ML basics : Feature Selection (Part 2)

Abhinav Mahapatra
4 min readJun 7, 2018

--

Welcome back.

The background story of what exactly are we doing here is in here.

Now, moving forward.

Backward Elimination

We will be selecting features based on backward elimination method.

What exactly is backward elimination? This is a method to keep only those features which are significant to the dataset i.e. considering those features do considerable amount of change to the dependent variable.

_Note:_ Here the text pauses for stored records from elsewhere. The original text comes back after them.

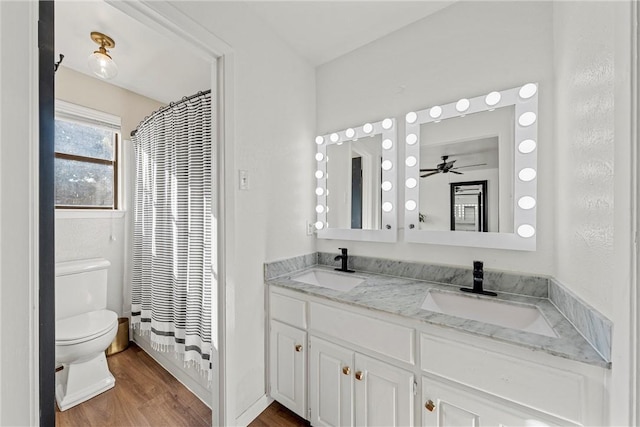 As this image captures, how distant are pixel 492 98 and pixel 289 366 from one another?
186cm

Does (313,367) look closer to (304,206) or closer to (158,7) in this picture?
(304,206)

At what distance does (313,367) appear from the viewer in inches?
54.3

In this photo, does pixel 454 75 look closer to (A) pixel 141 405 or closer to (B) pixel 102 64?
(B) pixel 102 64

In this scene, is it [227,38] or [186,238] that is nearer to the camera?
[227,38]

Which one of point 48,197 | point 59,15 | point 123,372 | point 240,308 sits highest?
point 59,15

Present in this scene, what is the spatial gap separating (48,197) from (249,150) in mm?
1090

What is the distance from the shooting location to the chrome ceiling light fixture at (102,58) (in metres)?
1.62

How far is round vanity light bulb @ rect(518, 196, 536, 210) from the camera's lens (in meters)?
1.24

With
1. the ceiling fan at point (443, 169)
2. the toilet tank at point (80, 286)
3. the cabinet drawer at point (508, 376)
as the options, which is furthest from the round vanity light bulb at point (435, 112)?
the toilet tank at point (80, 286)

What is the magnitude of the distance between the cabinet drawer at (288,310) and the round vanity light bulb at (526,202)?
4.04 feet

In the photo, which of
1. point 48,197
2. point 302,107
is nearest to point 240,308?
point 48,197

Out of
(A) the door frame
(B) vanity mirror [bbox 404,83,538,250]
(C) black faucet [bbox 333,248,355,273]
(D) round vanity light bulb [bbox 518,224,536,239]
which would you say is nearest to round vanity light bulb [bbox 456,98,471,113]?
(B) vanity mirror [bbox 404,83,538,250]

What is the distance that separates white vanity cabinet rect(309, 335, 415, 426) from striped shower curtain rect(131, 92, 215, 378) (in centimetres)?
71

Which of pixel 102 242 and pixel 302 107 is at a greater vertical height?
pixel 302 107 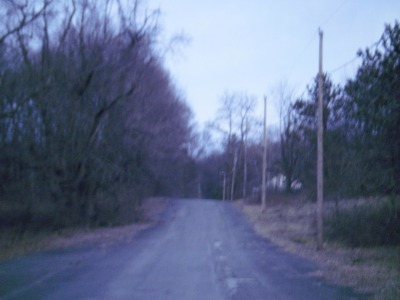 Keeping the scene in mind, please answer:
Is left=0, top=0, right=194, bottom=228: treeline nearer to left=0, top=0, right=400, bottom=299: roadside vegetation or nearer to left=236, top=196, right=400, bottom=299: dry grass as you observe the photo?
left=0, top=0, right=400, bottom=299: roadside vegetation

Here is the way this algorithm works :

  1. Select a significance level.
  2. Fit the model with all features.
  3. Check the p-values of different features with summary() function.
  4. If p-value is higher than significance level, remove the feature.
  5. Repeat step 2 to 4 with the reduced features till only the features having p-values ≤ significance level remain.
Basically! courtesy- Udemy

Significance level and p-value

So, significance level is the amount of change a feature will affect towards the final output i.e. how important is this feature and how much it affects the final output. Generally, we take 5%/0.05 significance level by default.

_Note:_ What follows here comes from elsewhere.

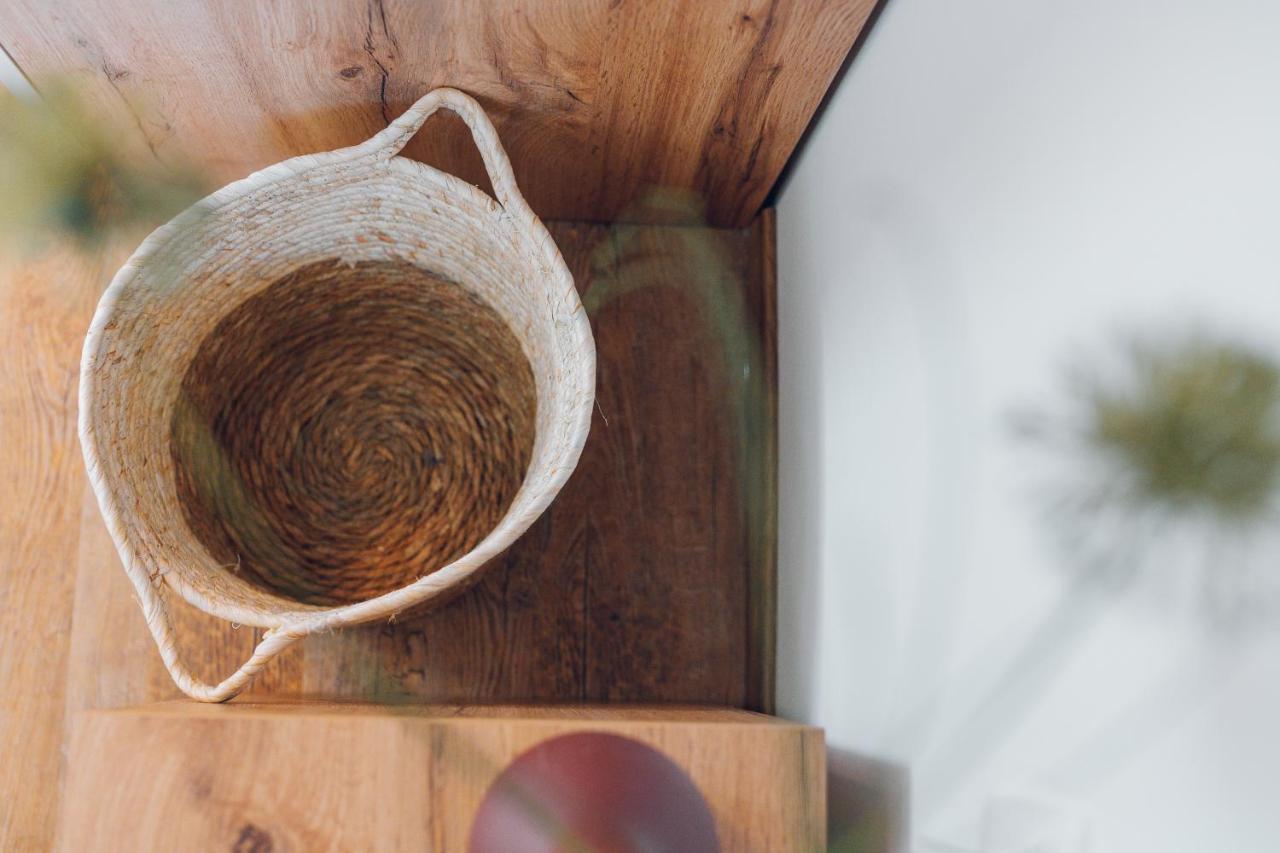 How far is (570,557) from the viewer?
3.87ft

p-value refers to the hypothesis of the significance level.

Let’s say you have a friend who says that a feature is absolutely of no use. (that is called as null hypothesis). The higher the p-value’s value is, the more he is correct and vice versa.

p-value goes from 0 to 1.

So say column 1 has p-value of 0.994, null hypothesis is true i.e. this column does not provide any noticeable change to the output and can be easily removed without consequences.

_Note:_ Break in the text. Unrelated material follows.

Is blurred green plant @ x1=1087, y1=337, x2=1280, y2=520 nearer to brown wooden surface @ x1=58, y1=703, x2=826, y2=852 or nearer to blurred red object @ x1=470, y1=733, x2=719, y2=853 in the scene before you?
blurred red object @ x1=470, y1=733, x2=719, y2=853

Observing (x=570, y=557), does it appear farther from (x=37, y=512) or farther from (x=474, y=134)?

Now, column 2 has a p-value of 0.001, null hypothesis is false i.e. is provides very significant change to the output.

Where do we draw the line of something being significant or not? Well that is where significance level comes in.

In our case we won’t consider any p-values over 0.05.

Code:

# Fitting Simple Linear Regression to the Training set
from sklearn.linear_model import LinearRegression
regressor = LinearRegression()
regressor.fit(X_train, y_train)
# Predicting the Test set results
y_pred = regressor.predict(X_test)
#adding a column of ones for b0x0
X = np.append(arr = np.ones((50,1)).astype(int), values = X, axis = 1)
#preparing for the backward elimination for having a proper model
import statsmodels.formula.api as sm

Code explaination :

The above code block is simply training a dataset in linear regression. Added b0x0 as that will be the first feature column. Since,

y = mx + c or

y = b0x0 + b1x1

Basically it is a column of ones. Next step is to import statsmodel.formula.api module as sm.

#creating matrix of features by backward elimination
X_opt = X[:, [0, 1, 2, 3, 4, 5]]
regressor_OLS = sm.OLS(endog = y, exog = X_opt).fit()
regressor_OLS.summary()
Result of the summary() function.
Second summary()

Removing the highest p-value(x2 or 2nd column) and rewriting the code.

X_opt = X[:, [0, 1, 3, 4, 5]]
regressor_OLS = sm.OLS(endog = y, exog = X_opt).fit()
regressor_OLS.summary()
Third summary()

Removing the highest p-value(x1 or first column) and rewriting the code.

X_opt = X[:, [0, 3, 4, 5]]
regressor_OLS = sm.OLS(endog = y, exog = X_opt).fit()
regressor_OLS.summary()
Fourth Summary()

Removing the highest p-value(x3 or 4th column) and rewriting the code.

X_opt = X[:, [0, 3, 5]]
regressor_OLS = sm.OLS(endog = y, exog = X_opt).fit()
regressor_OLS.summary()

Now, we have a decision to make, we can see that x2 or 5th column has a p-value of 0.06 or 6%. It is quite close to the significance level of 5% so we are not completely sure if removing it will be a good idea.

When in doubt, we will check the adjusted R-square values for higher accuracy.

Current Adj. r-squared value : 94.8%

Fifth/Final Summary()

Removing the highest p-value(x2 or 5th column) and rewriting the code.

X_opt = X[:, [0, 3]]
regressor_OLS = sm.OLS(endog = y, exog = X_opt).fit()
regressor_OLS.summary()

New Adj. r-squared value : 94.5%

We can see our accuracy decreased thus we will keep the previous columns. Thus the relevant columns for us in this dataset are 3rd and 5th column and thus we can drop all the other columns without having any decrease in model accuracy.

Well that is it for now.

Bye.

--

--